Two main components:
- Statutory Worker's Compensation (per Texas State Law) - Texas, like other states has a Worker's Compensation law that relieves the employer of liability in the case of a employee injury in exchange for being a Worker's Compensation insurance contract subscriber. The hurt employee receives a package of benefits including healthcare, rehabilitation and payments to offset lost wages as set by the same law.
- Employer's Liability - This is additional liability protection for the employer of a hurt worker in the unlikely event that a lawsuit is successful in skirting the Worker's Compensation statue.

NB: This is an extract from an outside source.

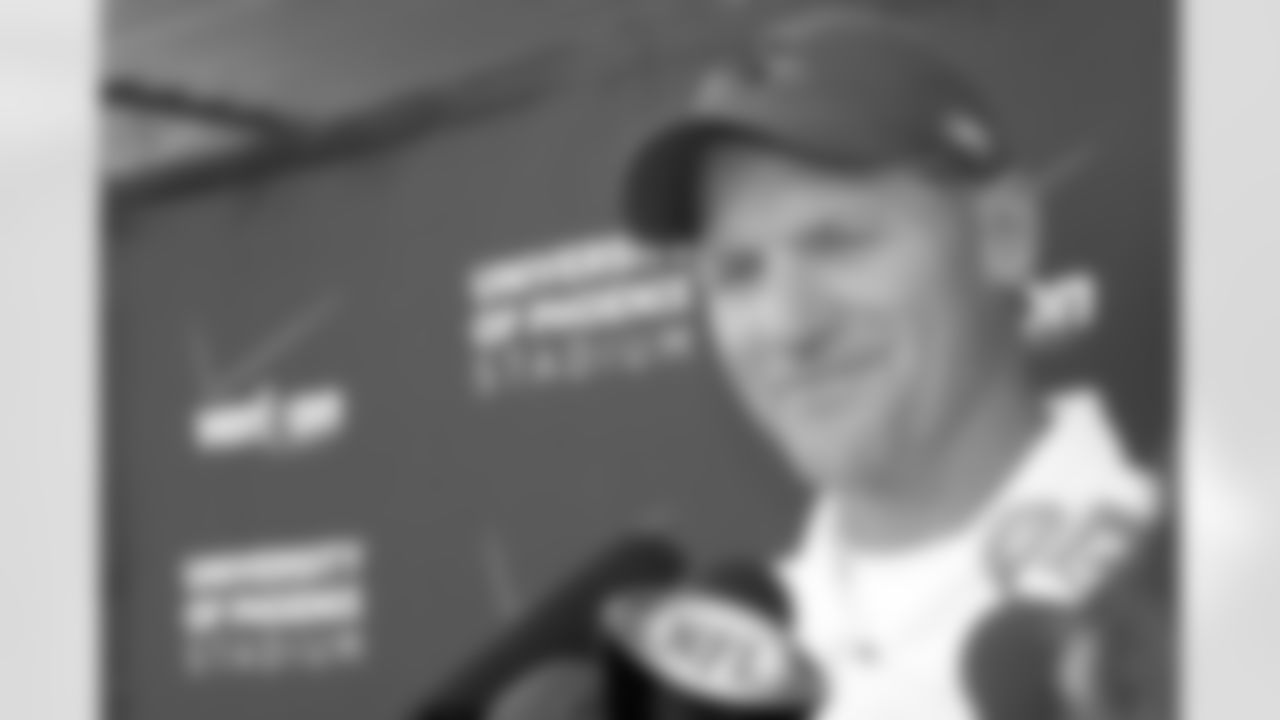 Coach Whisenhunt speaks to media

A Worker's Compensation contract is rated based on payroll dollars. Each labor function is classified according to the relative risk and the payroll for that group of workers is then calculated based on the rate level for that classification multiplied by the total payroll. Work comp pricing for a worker that does more than one function is always rated based on the most expensive classification.
Who is an "employee" for Worker's Compensation purposes? Unfortunately, this can be a complex definition. Generally, anyone that you are exercising management direction or control over is considered an employee for Worker's Compensation purposes regardless of the payment arrangements. To be considered an "independent contractor," besides being self-employed for tax purposes, the person would not be subject to an employer's direction and control. An independent contractor is hired to do a specific job, handles how and when the job is accomplished and then is paid for the completed job.
All Worker's Compensation policies are audited each policy year. The Work Comp quote based on estimated payroll and labor classification is reconciled to the actual payroll dollars and worker functions.
Very important: an employer that opts not to purchase Worker's Compensation is stripped of their common law defense for a worker injury. Without Worker's Compensation Insurance, your business is one employee injury away from disaster.